Marcus looked personally offended. "You're making her sound like a corporate hologram."
"I'm making her sound like someone who survived her own upbringing." Ethan leaned back. "I've seen the other mode. Off campus. Cold voice, perfect sentences, a man with a reputation getting corrected like a schoolkid. That's the same person. Different audience."
He wasn't trying to show off the story; Marcus needed to hear it straight.
"So she's been through the full polish track — academics, rhetoric, social choreography, emotional regulation. You got four years in a program. She got a full life built for this." Ethan picked up the menu. "Compared to that pipeline, we're amateurs."
Marcus squinted at him. "When did you become such a cynic about her?"
"I'm not cynical. I'm accurate." Ethan paused. "Also, you're not someone she needs anything from. So you can relax."

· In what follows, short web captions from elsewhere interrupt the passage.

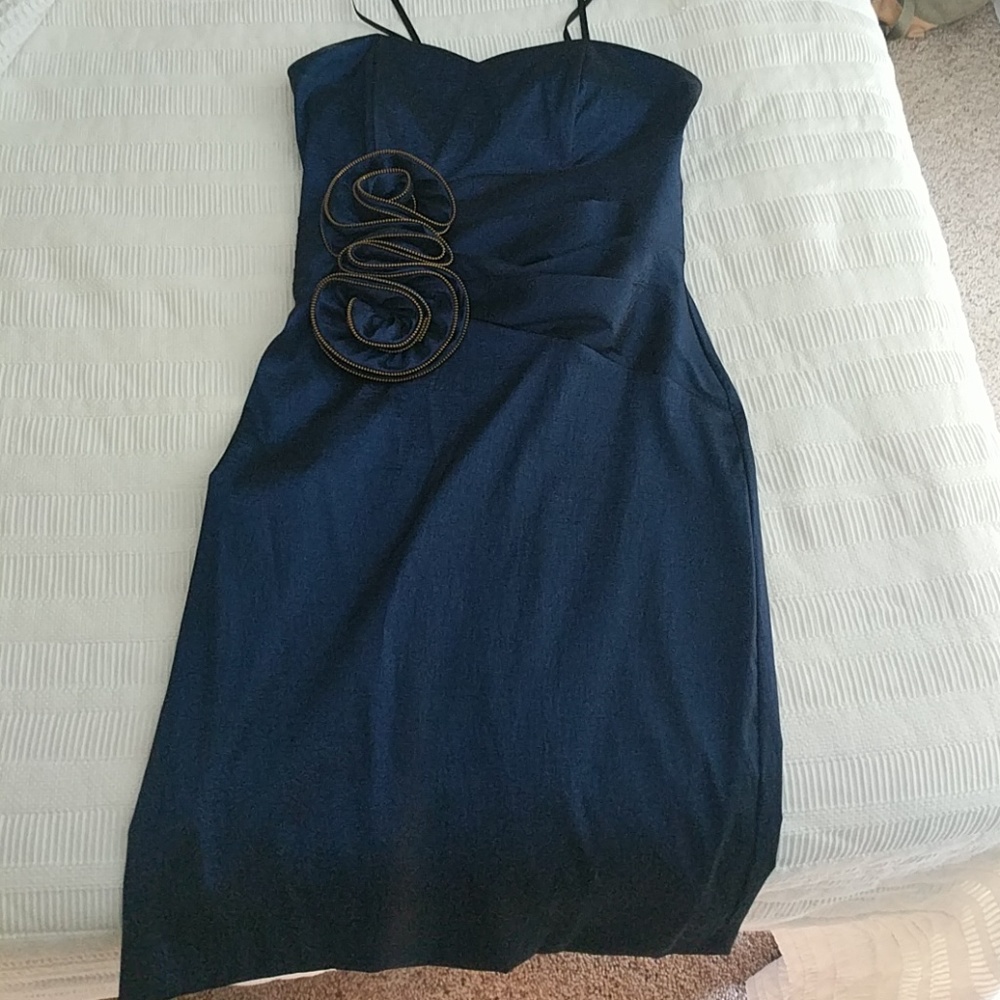 Formal metallic blue dress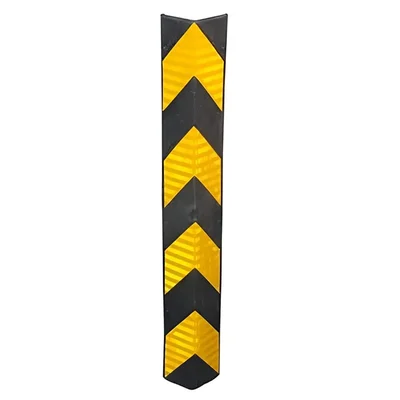 Minsales 1000 mm Parking Safety Pillar - Rubber, V Shape With Yellow Reflective Tape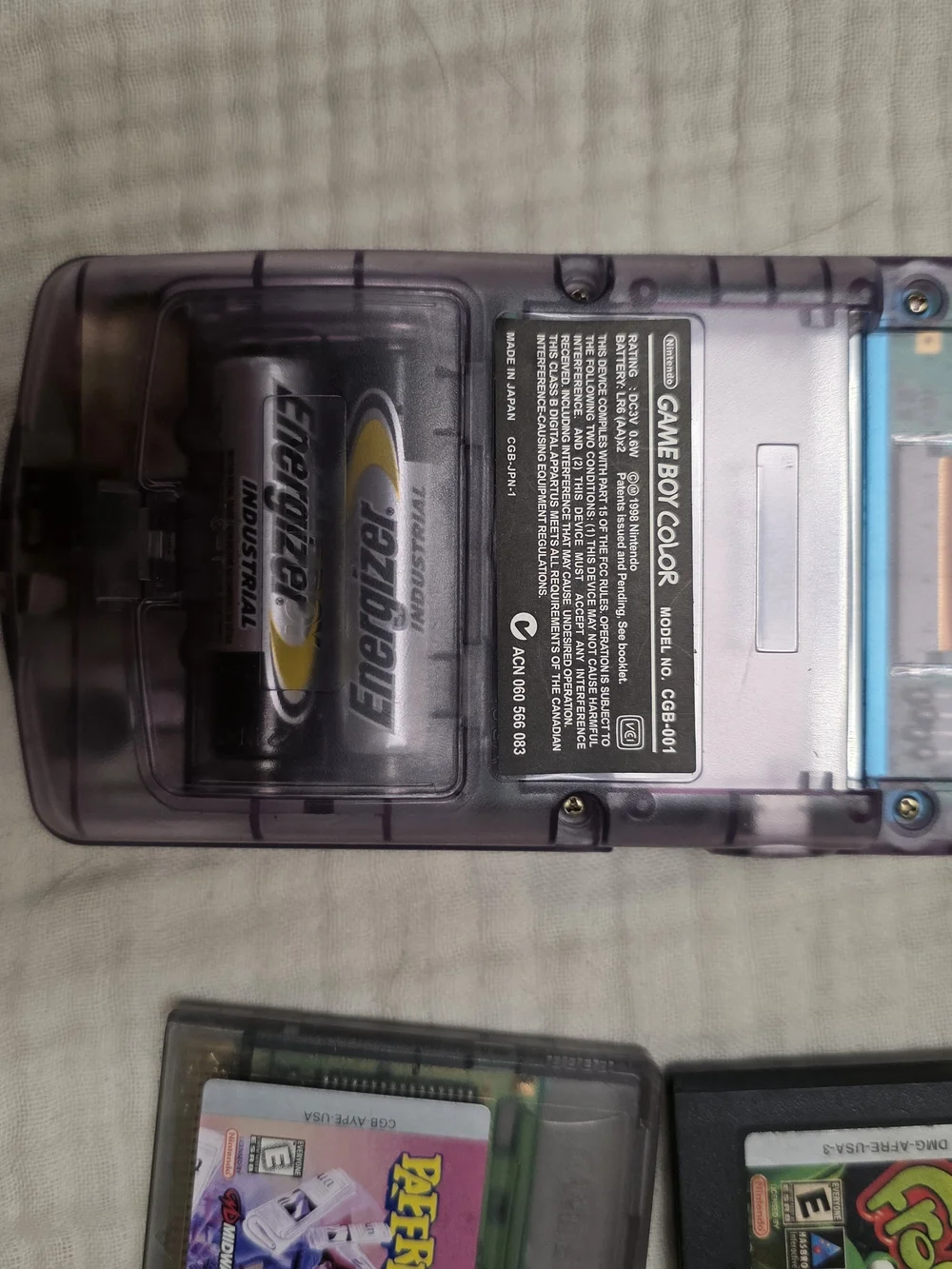 Nintendo Game Boy Color Purple Transparent with Paperboy Cartridge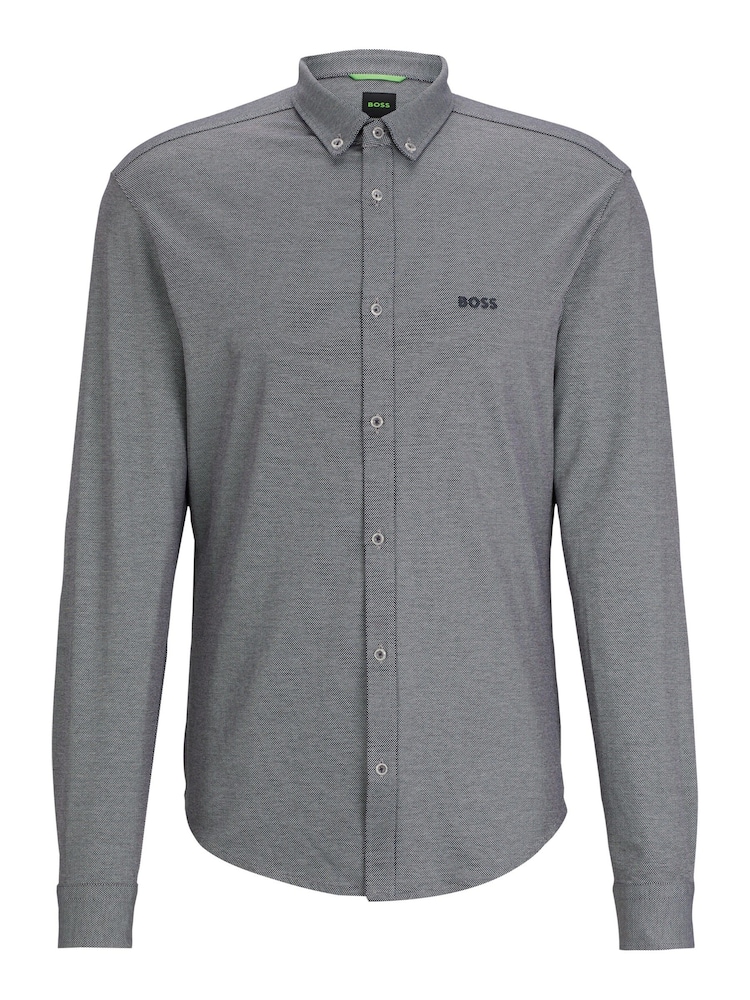 BOSS Grey Biado Long Sleeve Jersey Shirt - Image 7 of 7 BOSS Grey Biado Long Sleeve Jersey Shirt - Image 7 of 7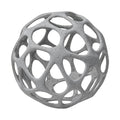 Light Gray Metal Hollow Orb Sculpture on a white background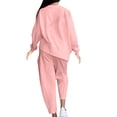 thumbnail image 6 of RYRJJ Lounge Sets for Women Two Piece Outfits Y2K Sweatsuits Sets Asymmetrical Hem Top Long Pants Loungewear Workout Athletic Tracksuits(Pink,XL), 6 of 9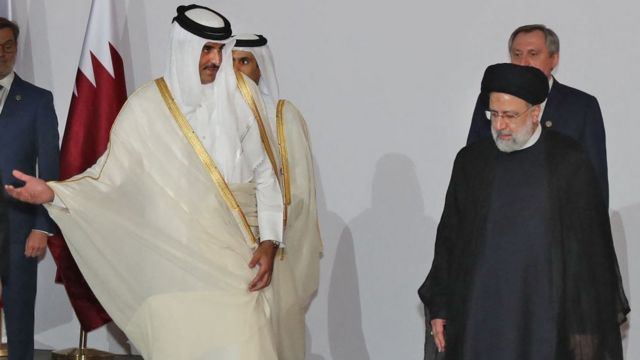 أمير قطر والرئيس الإيراني حلال القمة السادسة لمنتدى الدول المصدرة للغاز في 22 فبراير/شباط الماضي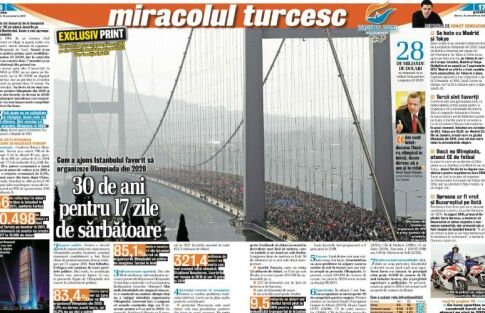 Doar în ediţia tipărită a Gazetei de azi: Cum a ajuns Istanbulul favorit să organizeze Olimpiada din 2020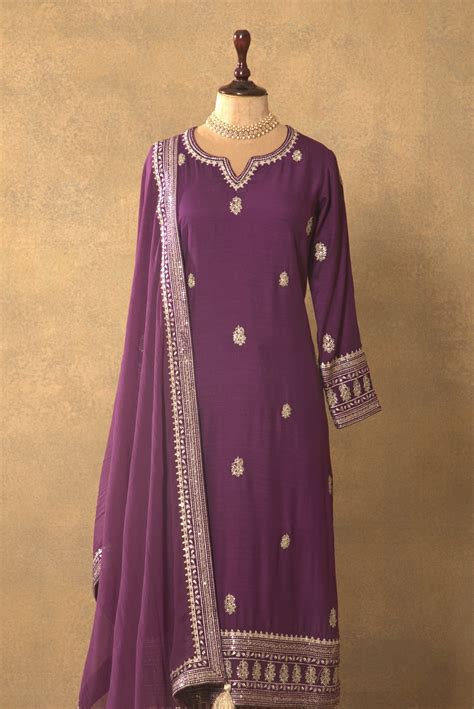 Aubergine Embroidered Pure Muga-Silk Kurta-Pants Set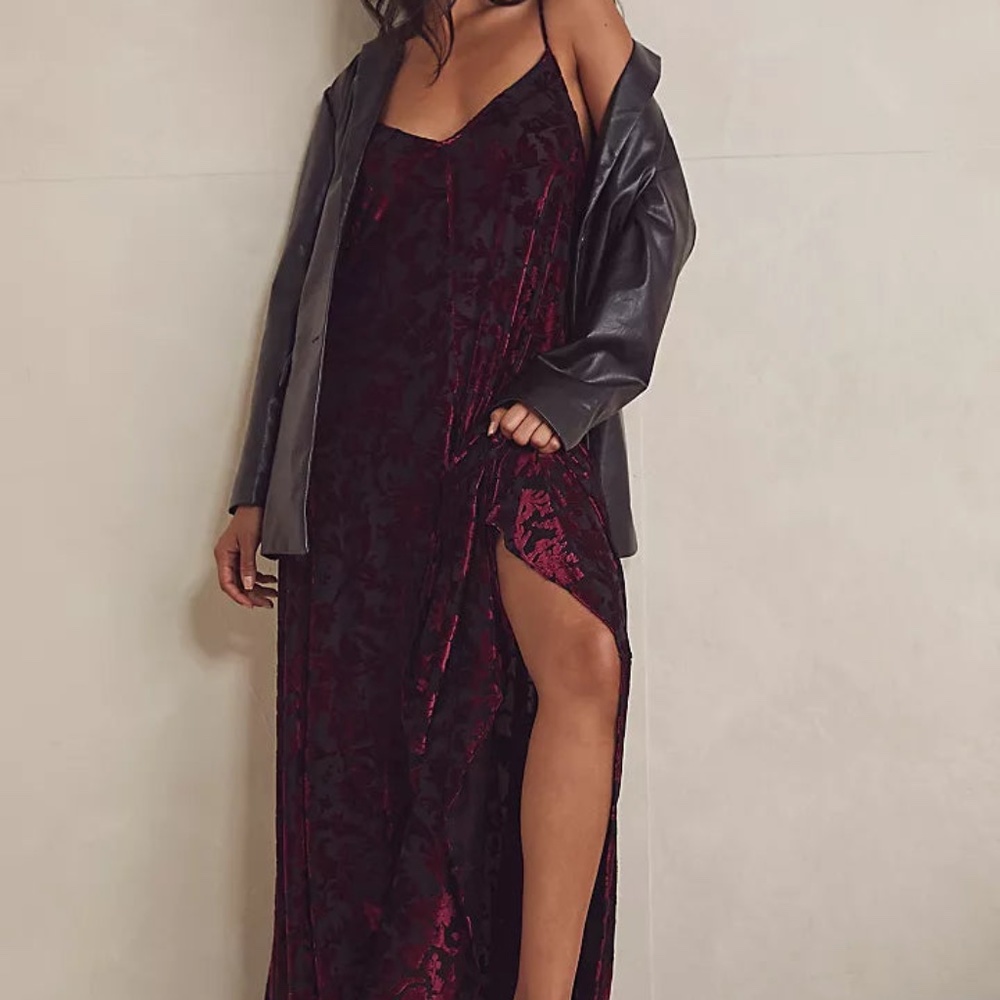 Free People Burgundy Velvet Maxi Slip Dress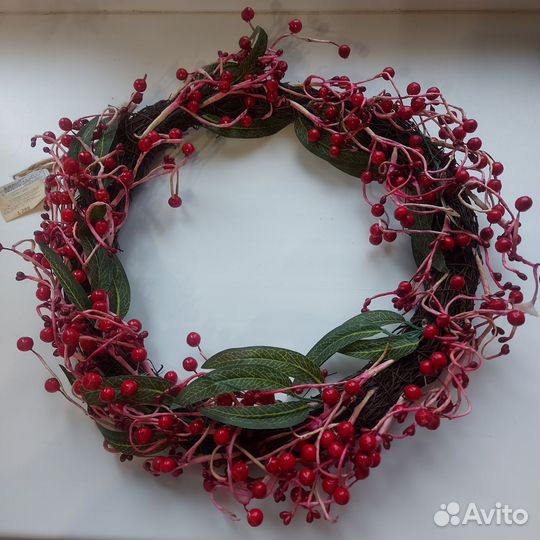 Новогодний венок на дверь, Zara Home, 40см диаметр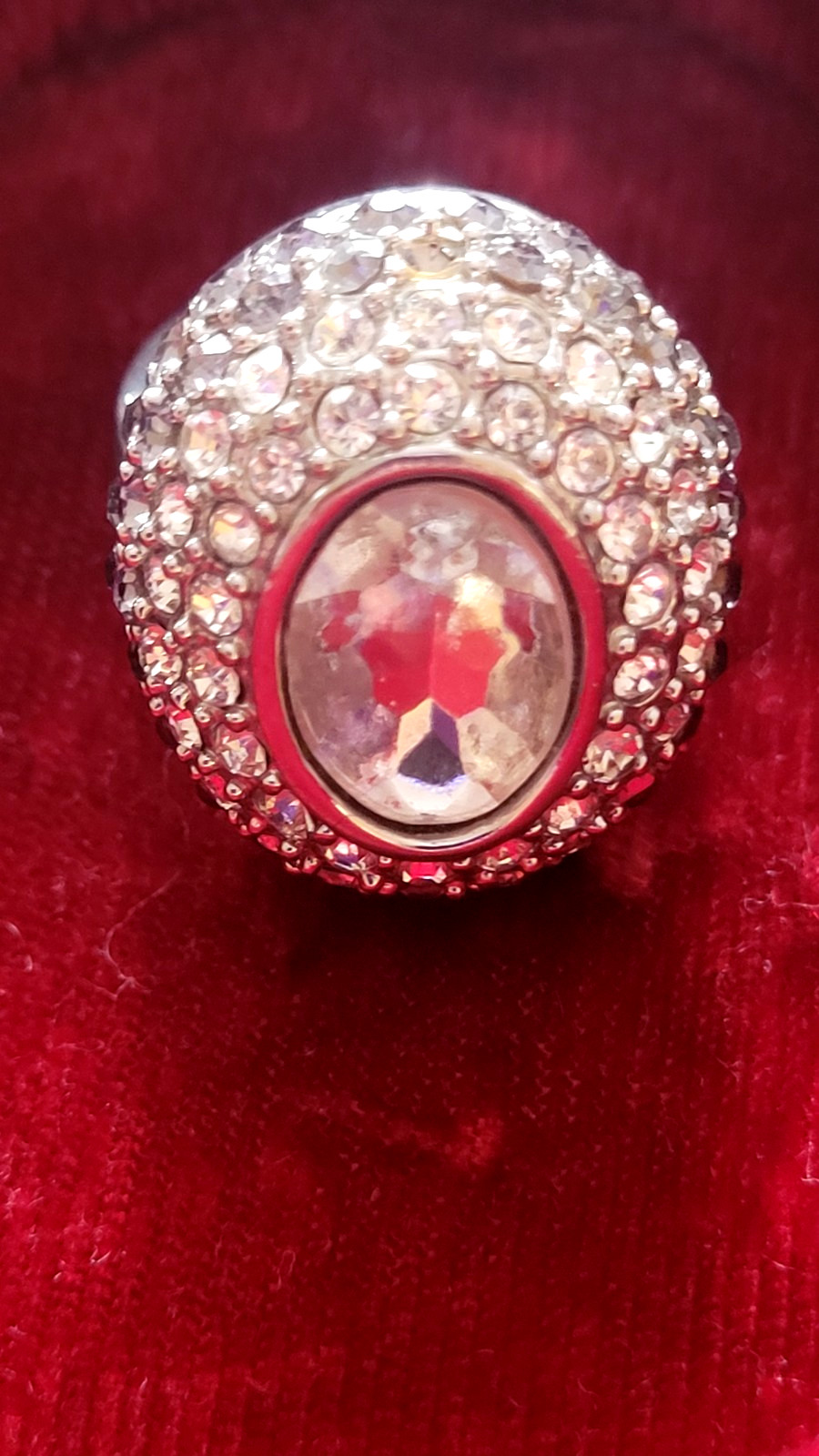 Arnold Scaasi Extravagant Large Designer Jeweled Vintage Cocktail Ring Size 7 US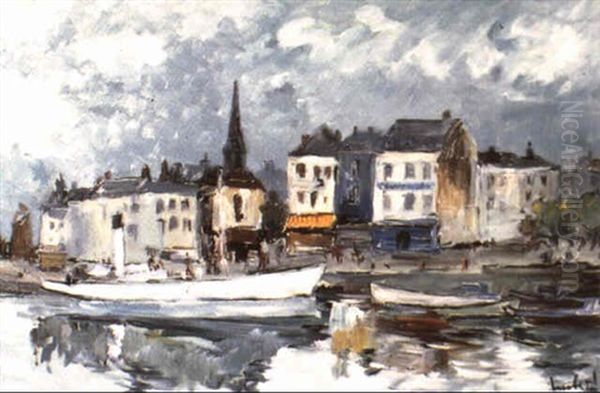 Le Vieux Bassin A Honfleur Oil Painting by Leon Herbo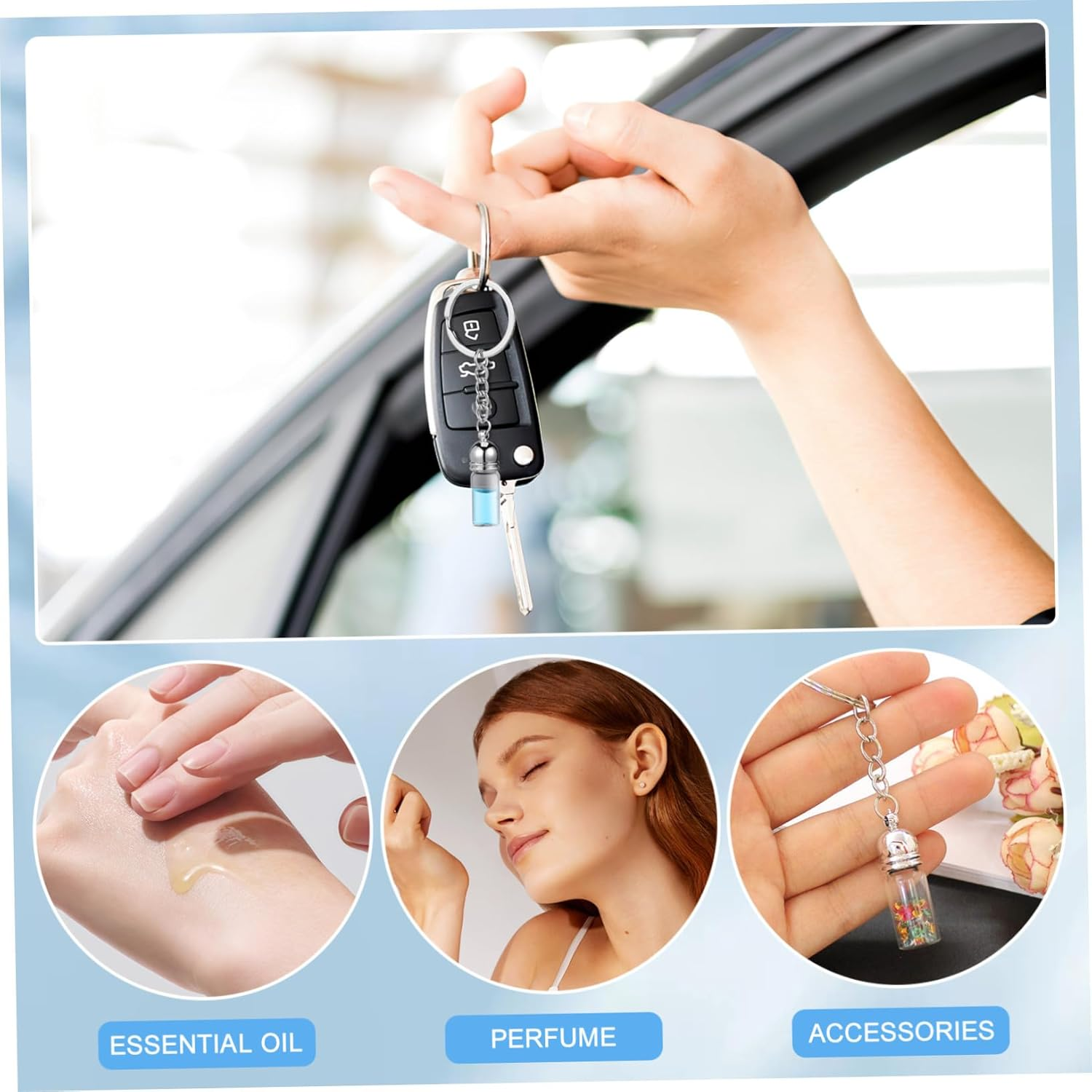 SOLUSTRE 3Pcs Small Transparent Glass Vials Keychain with Silver Acrylic Caps Multi-Functional Essential Oil Pendant Bottles for DIY Hanging Decor Travel and Purposes image number 4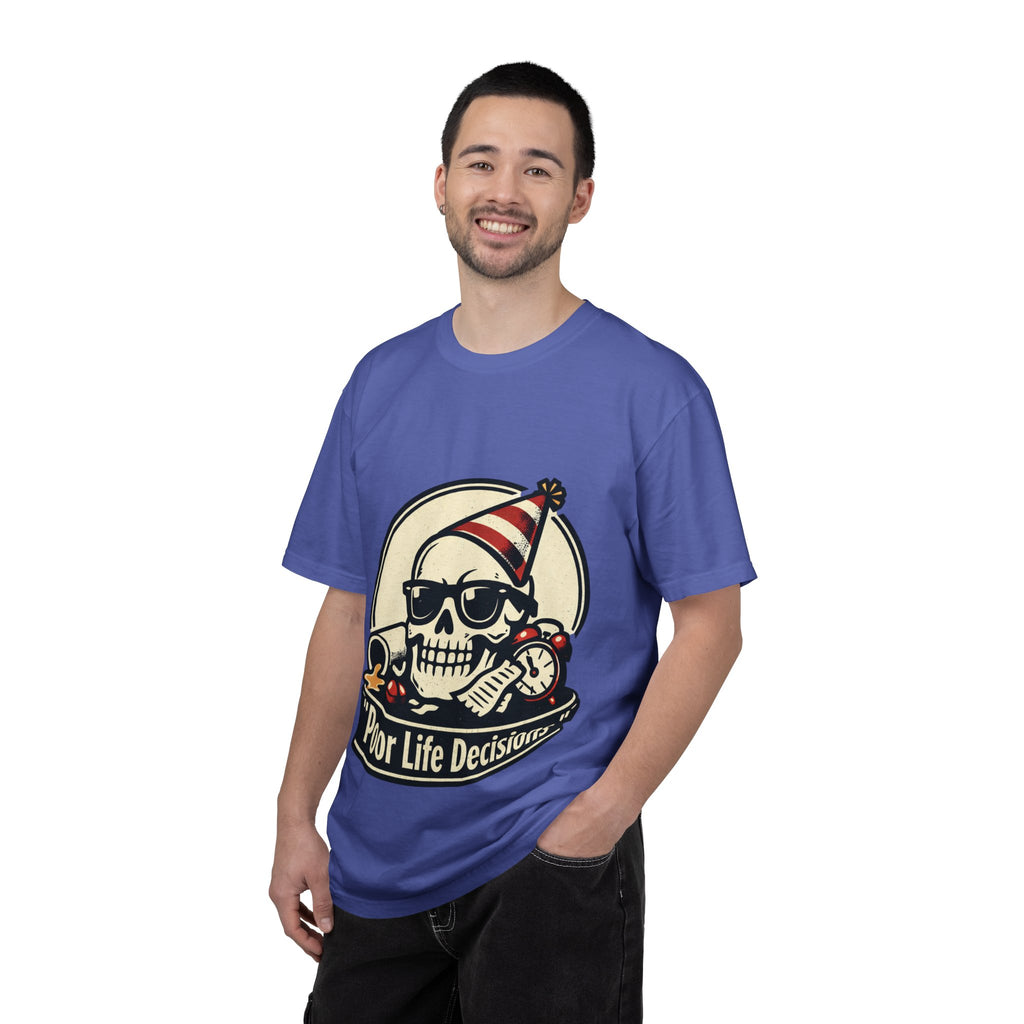 Poor Life Decisions Skull T-Shirt — Funny Party Skull Graphic Tee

"That's the meanest comforting sentence anyone has ever said to me."
"It's accurate too."
"I'm disowning you."
Ethan opened the menu. "Keep some self-awareness around the performance. She can do innocent when she wants. She can do distant. She can do whatever the room rewards. That's not malice — it's craft."
Marcus opened his mouth.
Ethan felt the change before he saw it — the slight shift in air pressure when someone paused in a doorway, the way a room's attention field bent.
Marcus was staring past him with an expression that tried to be casual and failed.
Ethan turned.
Serena Zhao stood in the frame of their private room's door, still smiling, still composed — and listening, with the stillness of someone who had been there long enough to have heard more than the last sentence.